### What is expected
Copy out again, unchanged, the listing below from the line that has "Skoda Rapid AMBITION 1.6 TDI CR MT 2015" through the line that has "6467 Kirkwood Rd, Fort Worth, TX 76116".

### Data to process
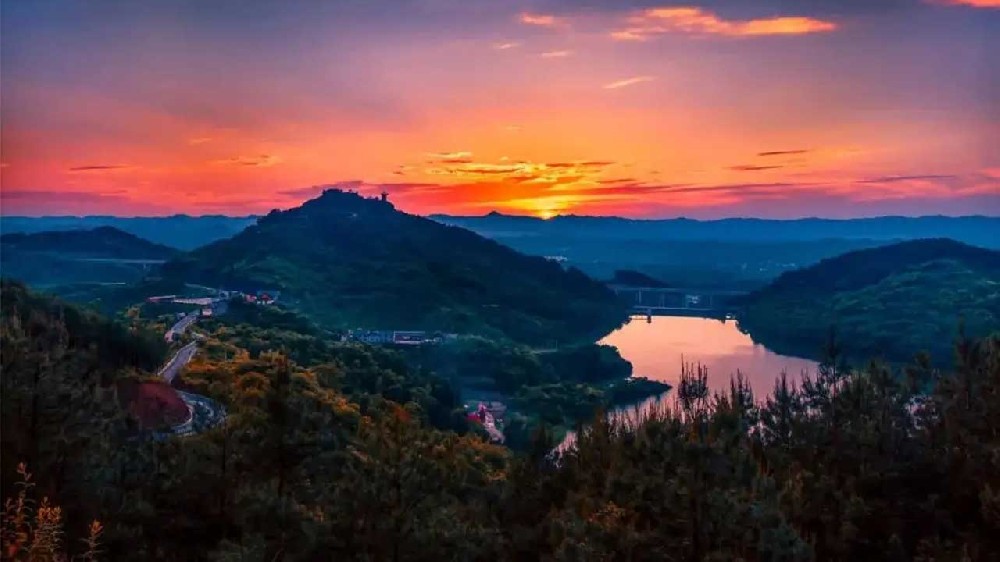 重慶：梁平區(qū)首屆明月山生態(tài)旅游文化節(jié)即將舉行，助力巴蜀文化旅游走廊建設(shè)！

...

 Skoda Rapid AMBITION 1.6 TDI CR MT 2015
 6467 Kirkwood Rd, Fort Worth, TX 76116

--

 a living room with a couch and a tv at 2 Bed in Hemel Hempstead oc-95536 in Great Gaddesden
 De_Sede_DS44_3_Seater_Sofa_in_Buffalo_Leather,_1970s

### Solved exercise
 Skoda Rapid AMBITION 1.6 TDI CR MT 2015
 6467 Kirkwood Rd, Fort Worth, TX 76116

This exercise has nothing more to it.